We cannot avoid that potential, though. Nor can Brentford. They do magnificent work in their community and they lead the way on Premier League fan engagement and ticket pricing. They have repeatedly proven themselves adept at scouting, recruitment and squad development. But they are still taking a vast risk. They know more than all of us about this situation, but they cannot know everything.
This appointment creates pressure – that much is undeniable. That pressure lies squarely upon Andrews because he is the public face of the club and because he will shortly lead his first ever training session as a manager. That pressure will rush in quickly: Brentford’s first six home league opponents are Aston Villa, Chelsea, Manchester United, Manchester City, Liverpool and Newcastle.
As outsiders, we should celebrate. We beg for clubs who do things differently to succeed, particularly those outside of a financial elite. We want promotion of British and Irish coaches because that helps our national teams. We want clubs to back the courage of their convictions and to be interesting rather than play it safe. If any club in England has earned trust to do so, it’s Brentford.

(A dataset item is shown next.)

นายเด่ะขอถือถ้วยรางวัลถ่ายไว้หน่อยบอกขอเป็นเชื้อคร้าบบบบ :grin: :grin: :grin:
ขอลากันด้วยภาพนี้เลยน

But uncertainty is an inadvertent emotion and it festers in the corners that we cannot fill with confirmed reality. Brentford supporters in panic mode should not be blamed – we would be the same because we crave the sanctuary of certainty. The scariest three words in modern life: I don’t know.
The last time Brentford were without Frank, they had spent £3m on a player only once in their history and had never played in the Premier League. Everything flowed through him. We are about to find out whether, at Brentford, the system truly is the king or merely the magnificent manipulation of one manager.